### GIVEN INFORMATION
============================================================

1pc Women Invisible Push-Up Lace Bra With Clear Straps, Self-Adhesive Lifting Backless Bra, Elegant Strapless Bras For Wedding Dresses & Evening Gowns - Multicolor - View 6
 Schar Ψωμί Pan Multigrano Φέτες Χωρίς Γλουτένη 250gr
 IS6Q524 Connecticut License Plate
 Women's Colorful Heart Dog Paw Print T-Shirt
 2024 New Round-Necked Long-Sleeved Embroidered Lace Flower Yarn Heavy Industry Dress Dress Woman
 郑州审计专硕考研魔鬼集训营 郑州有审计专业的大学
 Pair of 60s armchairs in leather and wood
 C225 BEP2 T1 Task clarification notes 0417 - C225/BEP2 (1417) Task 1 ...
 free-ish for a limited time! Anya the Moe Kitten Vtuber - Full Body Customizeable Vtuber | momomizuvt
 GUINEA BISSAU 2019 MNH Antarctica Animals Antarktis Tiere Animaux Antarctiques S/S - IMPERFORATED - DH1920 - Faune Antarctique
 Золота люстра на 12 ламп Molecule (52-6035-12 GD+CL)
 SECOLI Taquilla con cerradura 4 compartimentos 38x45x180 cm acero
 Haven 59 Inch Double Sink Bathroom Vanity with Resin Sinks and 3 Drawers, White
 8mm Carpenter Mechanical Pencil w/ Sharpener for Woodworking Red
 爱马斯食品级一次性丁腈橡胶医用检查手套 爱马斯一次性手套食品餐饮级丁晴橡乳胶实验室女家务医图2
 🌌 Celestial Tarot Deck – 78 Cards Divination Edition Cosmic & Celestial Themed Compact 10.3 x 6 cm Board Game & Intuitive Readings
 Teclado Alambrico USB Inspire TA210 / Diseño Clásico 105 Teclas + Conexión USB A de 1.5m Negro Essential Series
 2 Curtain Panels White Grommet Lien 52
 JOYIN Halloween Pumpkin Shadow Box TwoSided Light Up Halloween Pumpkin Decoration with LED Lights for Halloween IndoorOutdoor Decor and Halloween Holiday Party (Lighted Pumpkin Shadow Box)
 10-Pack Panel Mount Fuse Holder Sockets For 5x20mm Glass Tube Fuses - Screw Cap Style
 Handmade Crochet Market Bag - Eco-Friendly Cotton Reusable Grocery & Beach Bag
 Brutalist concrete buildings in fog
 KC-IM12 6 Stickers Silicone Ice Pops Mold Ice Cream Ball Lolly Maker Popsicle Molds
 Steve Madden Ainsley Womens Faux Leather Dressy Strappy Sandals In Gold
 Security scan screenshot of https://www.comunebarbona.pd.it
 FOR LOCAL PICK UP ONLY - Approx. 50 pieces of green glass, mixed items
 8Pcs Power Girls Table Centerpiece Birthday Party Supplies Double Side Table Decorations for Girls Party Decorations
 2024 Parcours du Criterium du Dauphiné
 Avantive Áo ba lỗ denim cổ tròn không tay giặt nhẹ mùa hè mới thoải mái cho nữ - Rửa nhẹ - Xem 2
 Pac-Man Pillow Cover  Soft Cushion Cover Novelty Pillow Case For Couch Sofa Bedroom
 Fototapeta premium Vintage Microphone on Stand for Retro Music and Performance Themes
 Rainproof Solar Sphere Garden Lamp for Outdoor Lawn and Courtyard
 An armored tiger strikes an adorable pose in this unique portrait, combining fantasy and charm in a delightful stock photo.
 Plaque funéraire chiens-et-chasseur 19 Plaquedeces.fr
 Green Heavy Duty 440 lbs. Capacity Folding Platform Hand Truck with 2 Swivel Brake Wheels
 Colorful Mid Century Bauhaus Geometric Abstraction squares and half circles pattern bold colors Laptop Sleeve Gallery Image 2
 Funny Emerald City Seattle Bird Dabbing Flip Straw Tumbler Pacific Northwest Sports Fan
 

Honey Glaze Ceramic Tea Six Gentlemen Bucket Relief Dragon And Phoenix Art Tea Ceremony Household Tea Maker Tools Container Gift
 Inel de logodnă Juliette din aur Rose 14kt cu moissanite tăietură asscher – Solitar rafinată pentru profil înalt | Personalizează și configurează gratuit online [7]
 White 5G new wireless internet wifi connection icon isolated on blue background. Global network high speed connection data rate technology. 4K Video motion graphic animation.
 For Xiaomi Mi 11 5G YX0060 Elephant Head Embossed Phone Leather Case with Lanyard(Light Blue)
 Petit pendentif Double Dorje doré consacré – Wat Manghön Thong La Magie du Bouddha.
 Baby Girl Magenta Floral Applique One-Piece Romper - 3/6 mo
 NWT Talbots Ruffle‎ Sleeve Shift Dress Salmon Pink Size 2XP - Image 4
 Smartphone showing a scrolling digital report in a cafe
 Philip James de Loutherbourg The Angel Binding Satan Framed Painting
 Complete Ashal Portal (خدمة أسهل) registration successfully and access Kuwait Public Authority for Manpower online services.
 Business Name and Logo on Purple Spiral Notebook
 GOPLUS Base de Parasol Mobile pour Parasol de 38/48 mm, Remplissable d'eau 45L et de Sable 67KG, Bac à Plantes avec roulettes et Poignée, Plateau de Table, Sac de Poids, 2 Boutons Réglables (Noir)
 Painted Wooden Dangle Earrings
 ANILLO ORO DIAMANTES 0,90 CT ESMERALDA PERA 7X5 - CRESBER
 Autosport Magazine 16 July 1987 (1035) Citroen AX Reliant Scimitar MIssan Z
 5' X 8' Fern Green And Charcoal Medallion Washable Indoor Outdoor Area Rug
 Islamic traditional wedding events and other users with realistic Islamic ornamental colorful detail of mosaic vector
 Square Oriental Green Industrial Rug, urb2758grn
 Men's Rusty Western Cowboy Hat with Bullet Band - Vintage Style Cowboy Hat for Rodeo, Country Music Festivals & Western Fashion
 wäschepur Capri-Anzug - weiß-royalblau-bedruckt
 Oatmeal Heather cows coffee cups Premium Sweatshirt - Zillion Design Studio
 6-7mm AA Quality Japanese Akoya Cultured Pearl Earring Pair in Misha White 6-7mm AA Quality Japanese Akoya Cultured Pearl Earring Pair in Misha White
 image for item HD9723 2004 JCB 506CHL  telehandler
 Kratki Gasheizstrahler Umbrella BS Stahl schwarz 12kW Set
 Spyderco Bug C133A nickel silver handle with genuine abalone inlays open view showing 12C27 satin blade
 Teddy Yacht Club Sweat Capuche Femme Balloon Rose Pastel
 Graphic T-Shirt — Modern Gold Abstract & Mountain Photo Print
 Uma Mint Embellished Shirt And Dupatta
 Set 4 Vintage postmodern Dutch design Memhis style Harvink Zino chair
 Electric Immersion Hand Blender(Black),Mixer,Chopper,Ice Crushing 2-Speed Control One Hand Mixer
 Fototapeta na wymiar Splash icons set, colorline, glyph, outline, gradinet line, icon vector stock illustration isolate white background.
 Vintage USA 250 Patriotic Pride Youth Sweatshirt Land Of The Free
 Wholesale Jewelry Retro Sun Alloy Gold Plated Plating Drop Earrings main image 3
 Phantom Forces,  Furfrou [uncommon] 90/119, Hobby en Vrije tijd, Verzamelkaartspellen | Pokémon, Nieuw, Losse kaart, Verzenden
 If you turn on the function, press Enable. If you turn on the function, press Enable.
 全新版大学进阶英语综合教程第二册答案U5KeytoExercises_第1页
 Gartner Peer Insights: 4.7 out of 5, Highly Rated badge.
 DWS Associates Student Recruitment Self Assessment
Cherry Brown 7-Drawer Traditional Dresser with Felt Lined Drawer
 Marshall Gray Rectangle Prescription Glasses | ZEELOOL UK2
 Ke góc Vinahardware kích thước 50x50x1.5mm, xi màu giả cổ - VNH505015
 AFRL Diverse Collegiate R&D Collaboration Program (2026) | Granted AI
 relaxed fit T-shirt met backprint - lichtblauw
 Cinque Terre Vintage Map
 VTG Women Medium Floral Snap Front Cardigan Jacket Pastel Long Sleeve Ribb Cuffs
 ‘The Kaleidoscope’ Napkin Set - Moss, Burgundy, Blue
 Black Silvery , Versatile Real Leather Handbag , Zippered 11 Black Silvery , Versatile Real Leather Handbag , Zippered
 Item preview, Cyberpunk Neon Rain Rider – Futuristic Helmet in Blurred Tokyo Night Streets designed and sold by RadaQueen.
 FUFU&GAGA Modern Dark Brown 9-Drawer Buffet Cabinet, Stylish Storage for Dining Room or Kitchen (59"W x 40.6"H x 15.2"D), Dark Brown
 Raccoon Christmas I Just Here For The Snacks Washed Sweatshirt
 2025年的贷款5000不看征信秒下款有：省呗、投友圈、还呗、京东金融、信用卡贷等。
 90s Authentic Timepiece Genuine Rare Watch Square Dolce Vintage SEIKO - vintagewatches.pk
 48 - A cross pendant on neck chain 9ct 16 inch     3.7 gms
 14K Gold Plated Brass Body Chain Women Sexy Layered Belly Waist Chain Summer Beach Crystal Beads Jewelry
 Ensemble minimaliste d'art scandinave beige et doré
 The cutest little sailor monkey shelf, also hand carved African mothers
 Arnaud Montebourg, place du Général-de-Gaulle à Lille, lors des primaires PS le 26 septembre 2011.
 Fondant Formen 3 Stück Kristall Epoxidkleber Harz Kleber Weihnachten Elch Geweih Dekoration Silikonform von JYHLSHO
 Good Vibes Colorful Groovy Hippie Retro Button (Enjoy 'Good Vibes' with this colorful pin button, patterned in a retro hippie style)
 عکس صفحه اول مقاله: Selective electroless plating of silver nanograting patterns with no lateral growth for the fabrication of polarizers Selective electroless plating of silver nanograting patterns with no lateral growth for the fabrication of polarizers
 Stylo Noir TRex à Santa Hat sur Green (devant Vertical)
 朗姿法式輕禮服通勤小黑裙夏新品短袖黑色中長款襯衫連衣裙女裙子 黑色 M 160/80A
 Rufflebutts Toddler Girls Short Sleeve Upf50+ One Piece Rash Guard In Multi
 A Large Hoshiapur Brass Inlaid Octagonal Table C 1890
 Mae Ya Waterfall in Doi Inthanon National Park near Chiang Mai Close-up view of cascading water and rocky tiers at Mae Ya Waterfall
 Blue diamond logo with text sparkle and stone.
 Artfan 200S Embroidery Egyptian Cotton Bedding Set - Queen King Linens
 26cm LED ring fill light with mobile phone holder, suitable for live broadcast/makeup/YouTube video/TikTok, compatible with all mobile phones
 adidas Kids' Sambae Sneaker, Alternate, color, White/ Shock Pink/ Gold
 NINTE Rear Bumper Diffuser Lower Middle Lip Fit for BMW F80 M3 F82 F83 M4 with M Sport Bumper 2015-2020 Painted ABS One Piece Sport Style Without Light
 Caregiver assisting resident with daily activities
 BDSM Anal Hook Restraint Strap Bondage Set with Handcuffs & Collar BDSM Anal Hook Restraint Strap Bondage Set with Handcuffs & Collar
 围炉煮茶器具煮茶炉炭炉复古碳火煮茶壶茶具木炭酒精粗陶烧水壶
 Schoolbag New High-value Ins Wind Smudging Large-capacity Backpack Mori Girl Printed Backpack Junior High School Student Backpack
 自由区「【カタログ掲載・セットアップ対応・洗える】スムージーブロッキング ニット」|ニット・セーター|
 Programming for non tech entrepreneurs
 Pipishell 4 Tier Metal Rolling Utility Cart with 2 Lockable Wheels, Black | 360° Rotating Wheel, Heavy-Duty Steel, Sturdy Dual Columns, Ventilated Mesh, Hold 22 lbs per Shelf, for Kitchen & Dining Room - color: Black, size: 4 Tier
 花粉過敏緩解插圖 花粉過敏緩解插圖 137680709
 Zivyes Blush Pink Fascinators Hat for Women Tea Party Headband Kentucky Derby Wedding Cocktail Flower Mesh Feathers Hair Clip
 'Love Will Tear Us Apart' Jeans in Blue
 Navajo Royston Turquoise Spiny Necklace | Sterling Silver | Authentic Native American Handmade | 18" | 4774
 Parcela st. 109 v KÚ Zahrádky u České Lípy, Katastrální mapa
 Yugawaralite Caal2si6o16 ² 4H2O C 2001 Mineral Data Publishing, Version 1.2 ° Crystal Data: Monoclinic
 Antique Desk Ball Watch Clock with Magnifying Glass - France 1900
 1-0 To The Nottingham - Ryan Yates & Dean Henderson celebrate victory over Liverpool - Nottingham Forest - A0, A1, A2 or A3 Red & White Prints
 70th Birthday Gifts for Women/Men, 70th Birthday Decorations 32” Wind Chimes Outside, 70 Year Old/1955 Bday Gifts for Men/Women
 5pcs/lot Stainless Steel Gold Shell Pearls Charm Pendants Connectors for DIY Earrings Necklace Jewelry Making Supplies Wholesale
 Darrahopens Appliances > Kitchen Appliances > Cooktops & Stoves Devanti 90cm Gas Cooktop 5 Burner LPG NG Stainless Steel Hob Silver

============================================================

### WHAT YOU HAVE TO DO
Among the entries above, how many lines include "Kitchen"? State the number and nothing else.

### YOUR SOLUTION
3